I am hiring a Research Scientist to work on a DARPA funded project in automated scientific feasibility assessment. In plain language, feasibility assessment tries to figure out either (1) whether a scientific claim that someone else made is likely to be true/feasible, or (2) given a scientific goal (like creating a specific technology), what is a viable/feasible pathway forward to creating that technology? The latter is the application that I’m particularly interested in, as it has the potential to speed the pace of scientific discovery.
There are many ways of attempting feasibility assessment, such as searching through the scientific literature, coming up with new experiments to run, and running those experiments to see if they suggest something is feasible or infeasible. A particular focus here is on automated experimentation — automatically generating, running, and analyzing code-based experiments. Currently it’s very easy to get a language model to generate code for experiments, but most of that experiment code is bad, incorrect, or otherwise has problems that make it untrustworthy. For example, the CodeScientist paper (linked below) found that only ~30% of the results of an automated experiment system turned out to be true, so some significant challenges in this subfield right now are figuring out how to design and run automated trustworthy experiments, and how to do all this at scale (one feasibility assessment might require dozens or more experiments). More broadly, feasibility assessment is a new and challenging task, and there are lots of exciting questions in how to frame these feasibility assessment problems and their component parts, evaluate them, make substantial progress, and release full systems that people can use with clear utility/impact.
Potentially relevant papers:
- Matter-of-Fact: A Benchmark for Verifying the Feasibility of Literature-Supported Claims in Materials Science (EMNLP 2025; https://aclanthology.org/2025.emnlp-main.203/ )
- CodeScientist: End-to-End Semi-Automated Scientific Discovery with Code-based Experimentation (ACL Findings 2025; https://aclanthology.org/2025.findings-acl.692/ )
The position details are below.
Application: https://arizona.csod.com/ux/ats/careersite/4/home/requisition/25414?c=arizona
Remote work: Possible
Start date: We’re hoping to find someone as soon as possible.
Application domains:
- Currently we’re working on claims in the AI domain.
- Previously (in Phase 1) we worked in the Materials Science Domain
- This might expand to the quantum computing domain in the future, but you do not need to have knowledge in that domain right now (we have some funding for domain expert assistance).
—
Helpful information to include:
Question 1): Availability
The position has a near-term start requirement. If selected for hire, what is the earliest date that you could start?
Question 2): Code Samples/Demonstrated Ability
Please provide links (not file attachments; the UA system often strips them out) to code samples that best address the following criteria. Note that your code samples must be *authored by you* and a product of your own intellectual labor, not a collaborator, or an AI system. When possible please point to code samples that are position-relevant.
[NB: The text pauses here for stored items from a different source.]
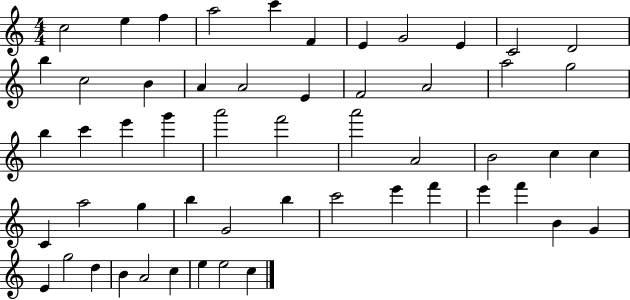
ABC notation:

X:1
T:Untitled
M:4/4
L:1/4
K:C
c2 e f a2 c' F E G2 E C2 D2 b c2 B A A2 E F2 A2 a2 g2 b c' e' g' a'2 f'2 a'2 A2 B2 c c C a2 g b G2 b c'2 e' f' e' f' B G E g2 d B A2 c e e2 c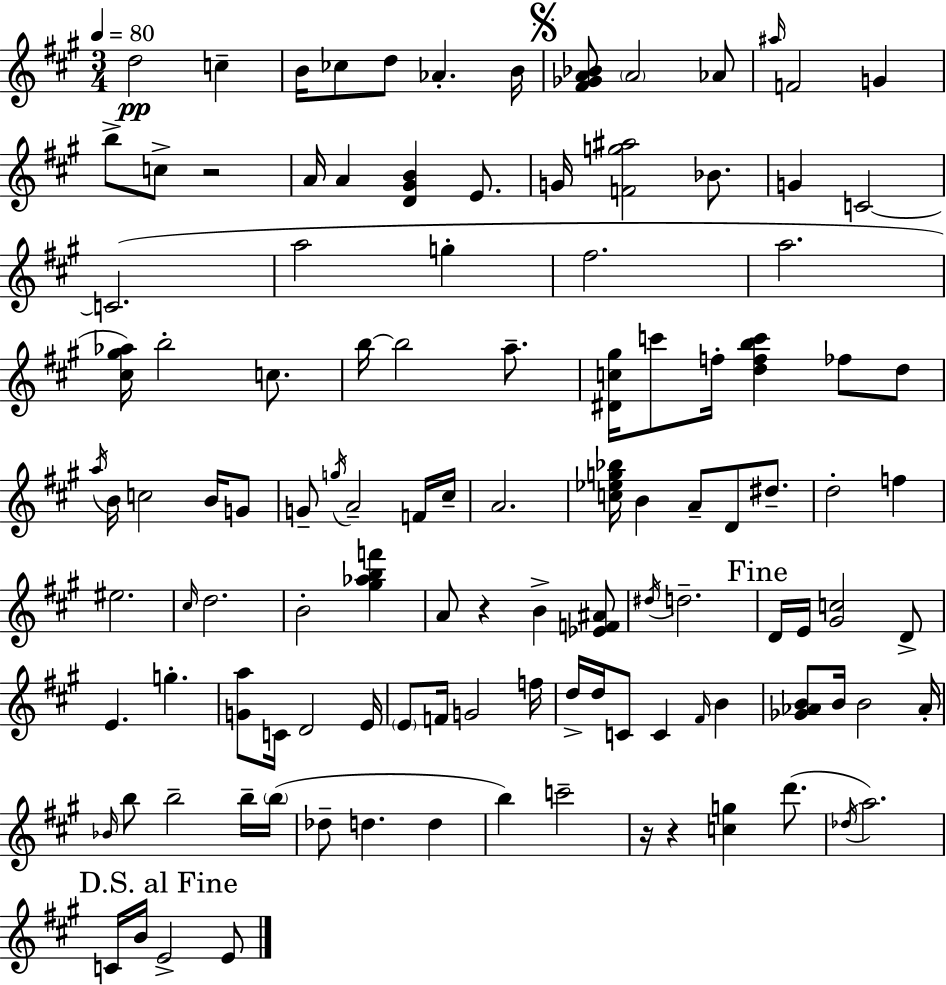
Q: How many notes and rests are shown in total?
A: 115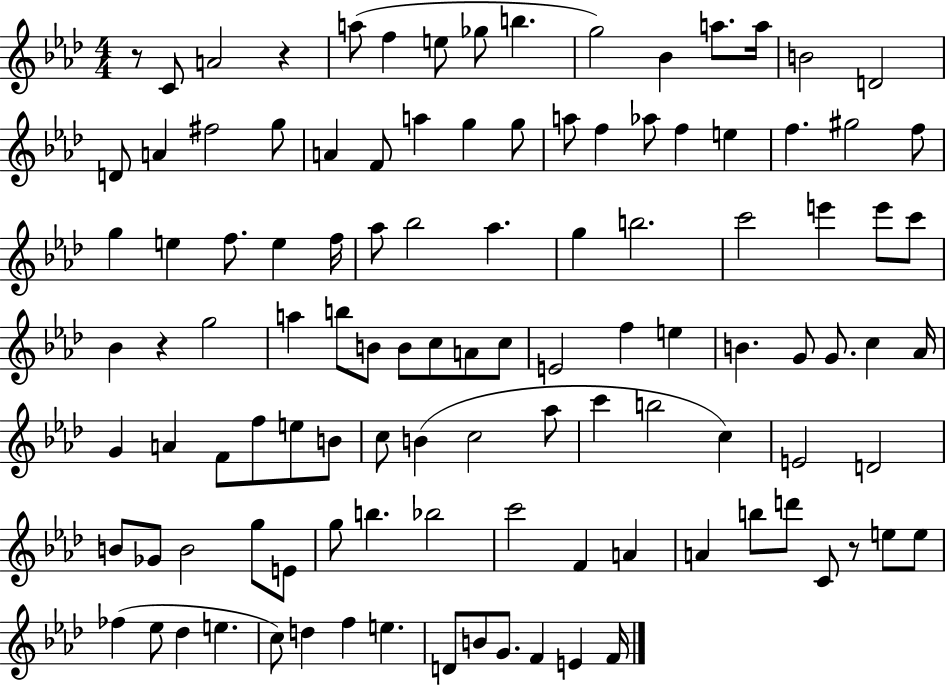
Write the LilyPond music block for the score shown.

{
  \clef treble
  \numericTimeSignature
  \time 4/4
  \key aes \major
  r8 c'8 a'2 r4 | a''8( f''4 e''8 ges''8 b''4. | g''2) bes'4 a''8. a''16 | b'2 d'2 | \break d'8 a'4 fis''2 g''8 | a'4 f'8 a''4 g''4 g''8 | a''8 f''4 aes''8 f''4 e''4 | f''4. gis''2 f''8 | \break g''4 e''4 f''8. e''4 f''16 | aes''8 bes''2 aes''4. | g''4 b''2. | c'''2 e'''4 e'''8 c'''8 | \break bes'4 r4 g''2 | a''4 b''8 b'8 b'8 c''8 a'8 c''8 | e'2 f''4 e''4 | b'4. g'8 g'8. c''4 aes'16 | \break g'4 a'4 f'8 f''8 e''8 b'8 | c''8 b'4( c''2 aes''8 | c'''4 b''2 c''4) | e'2 d'2 | \break b'8 ges'8 b'2 g''8 e'8 | g''8 b''4. bes''2 | c'''2 f'4 a'4 | a'4 b''8 d'''8 c'8 r8 e''8 e''8 | \break fes''4( ees''8 des''4 e''4. | c''8) d''4 f''4 e''4. | d'8 b'8 g'8. f'4 e'4 f'16 | \bar "|."
}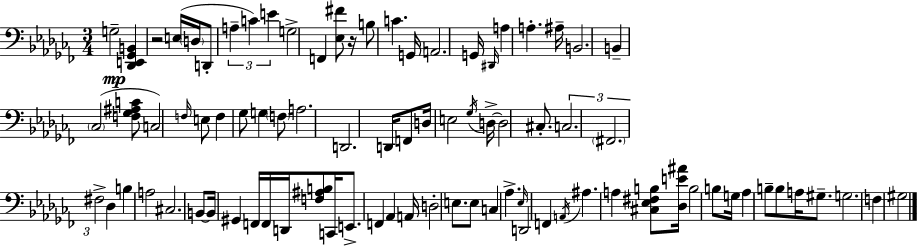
{
  \clef bass
  \numericTimeSignature
  \time 3/4
  \key aes \minor
  \repeat volta 2 { g2--\mp <des, e, ges, b,>4 | r2 e16( \parenthesize d16 d,8-. | \tuplet 3/2 { a4-- c'4) e'4 } | g2-> f,4 | \break <ees fis'>8 r16 b8 c'4. g,16 | a,2. | g,16 \grace { dis,16 } a4 a4.-. | ais16-- b,2. | \break b,4-- \parenthesize ces2( | <f ges ais c'>8 c2) \grace { f16 } | e8 f4 ges8 g4 | \parenthesize f8 a2. | \break d,2. | d,16 f,8 d16 e2 | \acciaccatura { ges16 } d16->~~ d2 | cis8.-. \tuplet 3/2 { c2. | \break \parenthesize fis,2. | fis2-> } des4 | b4 a2 | cis2. | \break b,8~~ b,16 gis,4 f,16 f,16 | d,16 <f ais b>8 c,16 e,8.-> f,4 aes,4 | a,16 d2-. | e8. e8 c4 aes4.-> | \break \grace { ees16 } d,2 | f,4 \acciaccatura { a,16 } ais4. a4 | <cis ees fis b>8 <des e' ais'>16 b2 | b8 g16 aes4 b8-- b8 | \break a16 gis8.-- g2. | f4 gis2 | } \bar "|."
}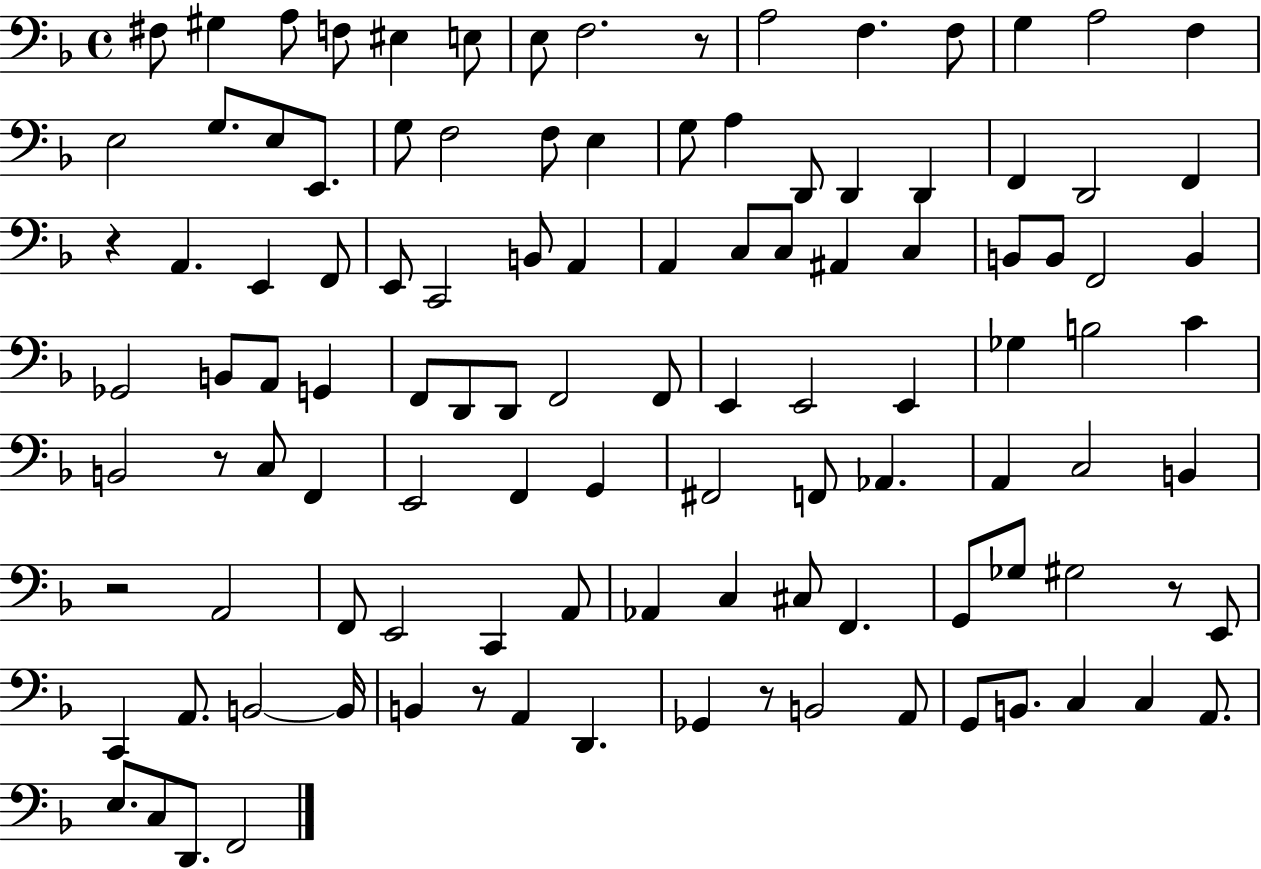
X:1
T:Untitled
M:4/4
L:1/4
K:F
^F,/2 ^G, A,/2 F,/2 ^E, E,/2 E,/2 F,2 z/2 A,2 F, F,/2 G, A,2 F, E,2 G,/2 E,/2 E,,/2 G,/2 F,2 F,/2 E, G,/2 A, D,,/2 D,, D,, F,, D,,2 F,, z A,, E,, F,,/2 E,,/2 C,,2 B,,/2 A,, A,, C,/2 C,/2 ^A,, C, B,,/2 B,,/2 F,,2 B,, _G,,2 B,,/2 A,,/2 G,, F,,/2 D,,/2 D,,/2 F,,2 F,,/2 E,, E,,2 E,, _G, B,2 C B,,2 z/2 C,/2 F,, E,,2 F,, G,, ^F,,2 F,,/2 _A,, A,, C,2 B,, z2 A,,2 F,,/2 E,,2 C,, A,,/2 _A,, C, ^C,/2 F,, G,,/2 _G,/2 ^G,2 z/2 E,,/2 C,, A,,/2 B,,2 B,,/4 B,, z/2 A,, D,, _G,, z/2 B,,2 A,,/2 G,,/2 B,,/2 C, C, A,,/2 E,/2 C,/2 D,,/2 F,,2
2A) General: A code sample that best illustrates your general computer science background (data structures, classes, software architecture, symbolic/discrete CS background, etc.)
2B) AI/NLP: A code sample that best illustrates your ability specifically in NLP or AI.
2C) (Optional) If there is a code sample or project that you are particularly proud of that partially used AI in its construction, and you believe is relevant in assessing your abilities for this position, you can attach it here (with a brief 1-2 sentence explanation of specifically what was authored by you, and what was not authored by you).
Question 3): Past Experience on Position-Relevant Criteria.
Please provide very brief (no more than 2/3 sentence) descriptions of any past experience you have in the following research topics. Your responses must be authored by you, and not a language model. Please be candid here, and we expect many candidates may write ‘no experience’ for most of these. When appropriate, please point to a specific paper and/or code repository.
3A) Literature-based discovery (defined as writing AI systems that automatically read scientific papers at scale, extract information from them, typically towards use for a downstream scientific task).
3B) Automated-code generation (defined as writing an AI system that automatically writes and iteratively debugs software to solve some task. This is not using Claude Code, this is you writing something like Claude Code).
3C) Claim Verification (defined as being provided with a claim, or extracting claims from text automatically with AI systems, and using an AI system to attempt to determine whether that claim is likely to be true or false).
3D) LLM Agents (defined broadly as a system that examines a current state using a language model, infers an action to take, and takes that action. This process continues iteratively until some task is completed. Note, this is different than a hard-coded workflow — an agent has an explicit notion of an action space that the agent gets to select from at each iteration, based on an observation of a current environment state).
3E) Evaluating difficult problems without gold labels (when an automated system produces a code-based experiment that you run and get results, it’s currently difficult to ascertain whether those results are correct as there is often no gold evaluation signal. If you have solved a problem without gold labels before, particularly one related to this SciFy evaluation challenge, please mention it here — what was the input, what was the output, and how was it evaluated?)